I moved through the doorway, overwhelmed by the synthetic florals and citruses of the post-war perfumes. They enter the nose aggressively, fighting for attention like unruly school children. What I most remembered about my own child was how the long braid she wore down her back smelled of lavender, a single note of innocence. My lost child.
           
Sixteen years ago, I ran away.  And now, my daughter had, too, or at least I hoped she had, for the other possibilities were unthinkable.  But after months of searching, I hadn't found Dahlia in any of those places where a young girl might find shelter: not in the homes of friends in southern France;  not in Paris in the narrow streets of Montparnasse, the cafés and gardens and boulevards of those years with Jamie;  not in the orphanages that sheltered children whose parents had not survived.  She had left no trace.
           
So I had come, finally,  to London, to the almost-beginning. Beginnings are like endings, never completely finished, simply receding like the horizon.   Here, in the doorway of Harrods, one rainy morning almost two decades ago, Jamie and I had agreed that we would leave England and go to Paris, and that if all went well, we would marry and begin our family.  I had told Dahlia that story,  how I had dreamed of her years before she was born.      
           
I had already been in London for three days, walking the streets, asking hotel clerks and checking registers at shelters, looking for her, fighting down panic and dread.  The boarding house where Jamie and I had stayed had been bombed and so had the little pub where we had had our noon fish and chips and pint. There was destruction everywhere.  St. Paul's Cathedral had been bombed, St. James Palace, Houses of Parliament.

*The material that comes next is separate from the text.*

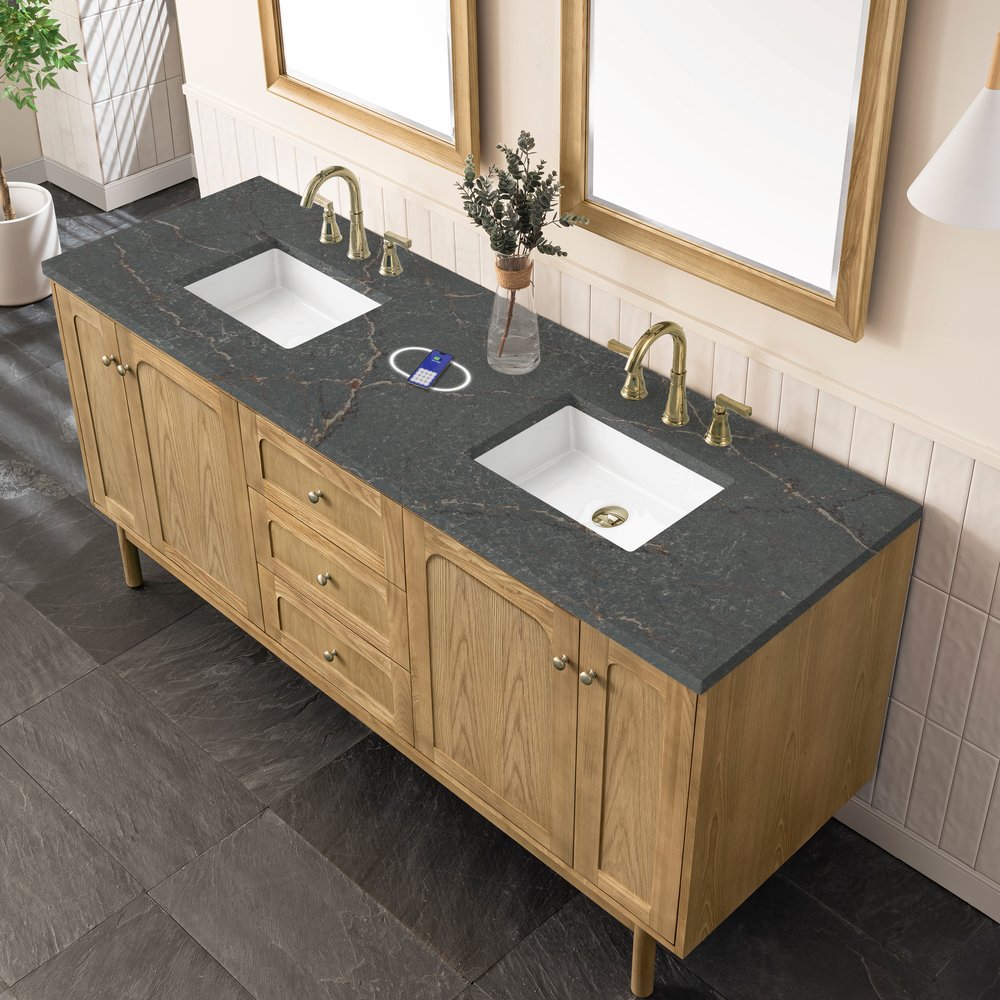 James Martin - Laurent 72" Double Vanity, Light Natural Oak w/ 3 CM Parisien Bleu Top w/FreePower Wireless Charger - 545-V72-LNO-FPBL view 10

Half the population of London had been made homeless.   This was no place for a young girl on her own, even one with papers and a little cash, for her papers and her savings had disappeared with her.
           
Dahlia is sixteen, I kept reminding myself.  She was tall and strong and sensible.  She spoke French and English fluently and could get by in Italian and German.  She had good common sense.  She had what she needed to survive, if her luck held.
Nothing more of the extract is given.